───── Task input

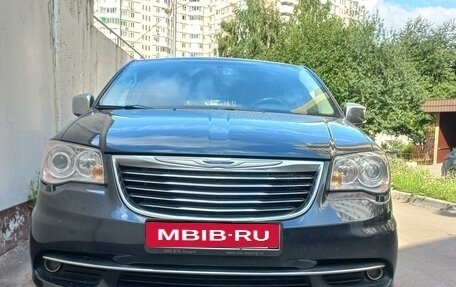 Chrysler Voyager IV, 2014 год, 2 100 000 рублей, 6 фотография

──────────
───── Task input

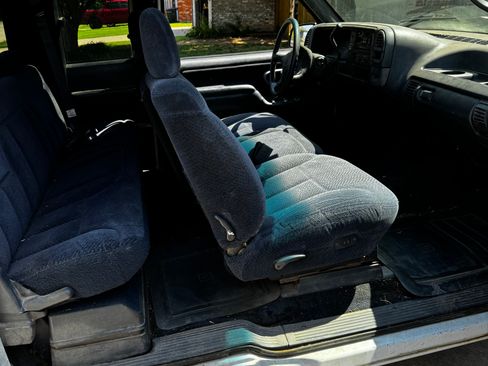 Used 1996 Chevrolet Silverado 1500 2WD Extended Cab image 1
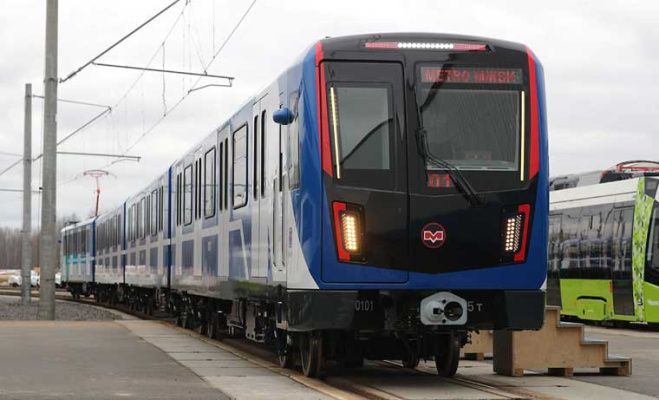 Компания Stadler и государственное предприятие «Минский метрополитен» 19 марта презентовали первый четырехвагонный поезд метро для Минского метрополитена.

──────────
───── Task input

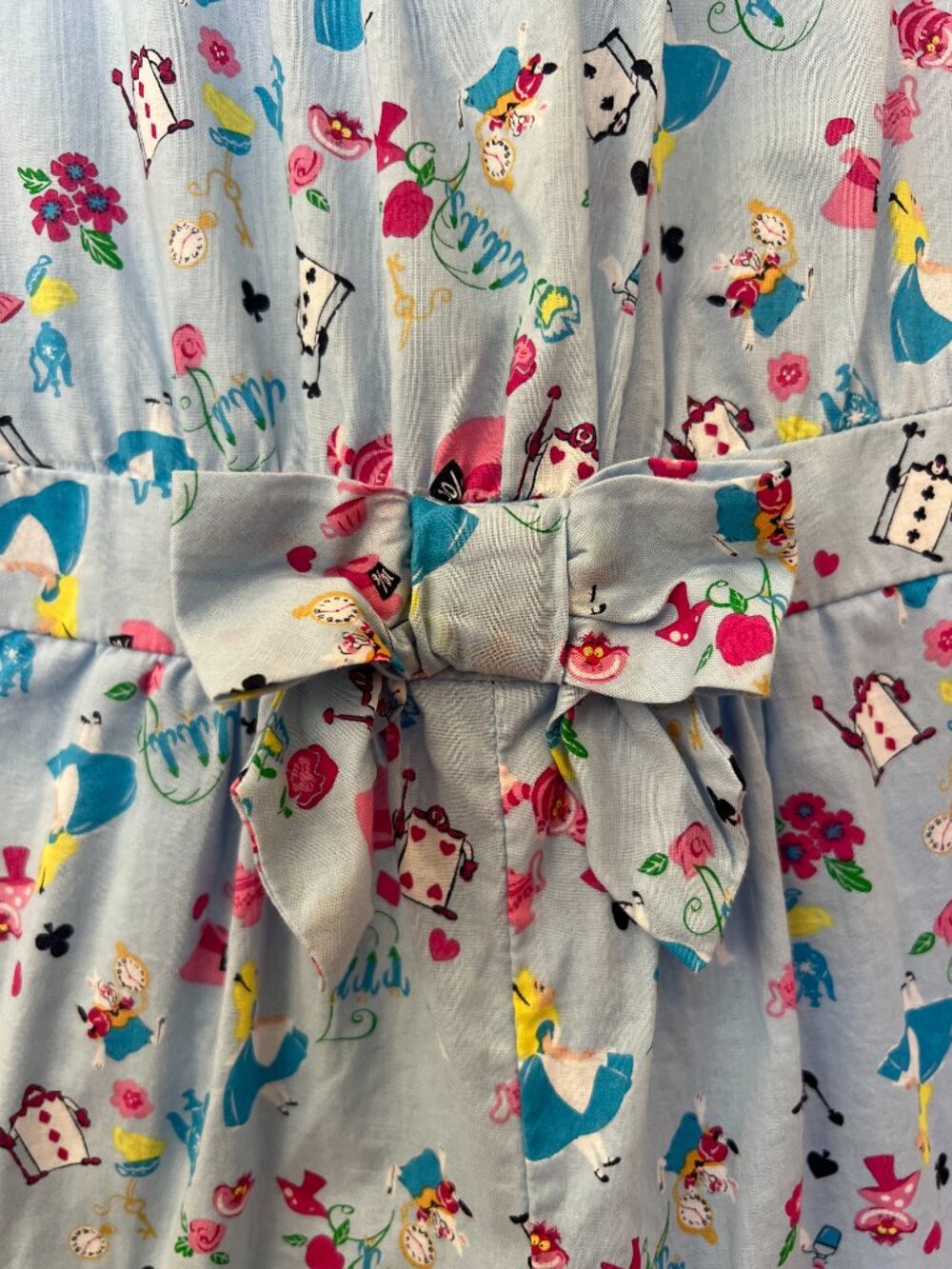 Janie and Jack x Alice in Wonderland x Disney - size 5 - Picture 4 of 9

──────────

* _What is being asked_
Print the part of the listing above that opens with the line containing "Used 1996 Chevrolet" and closes with the line containing "Компания Stadler и". Copy it exactly, both ends included, and omit the pictures.

* _Solution for this problem_
 Used 1996 Chevrolet Silverado 1500 2WD Extended Cab image 1
 Компания Stadler и государственное предприятие «Минский метрополитен» 19 марта презентовали первый четырехвагонный поезд метро для Минского метрополитена.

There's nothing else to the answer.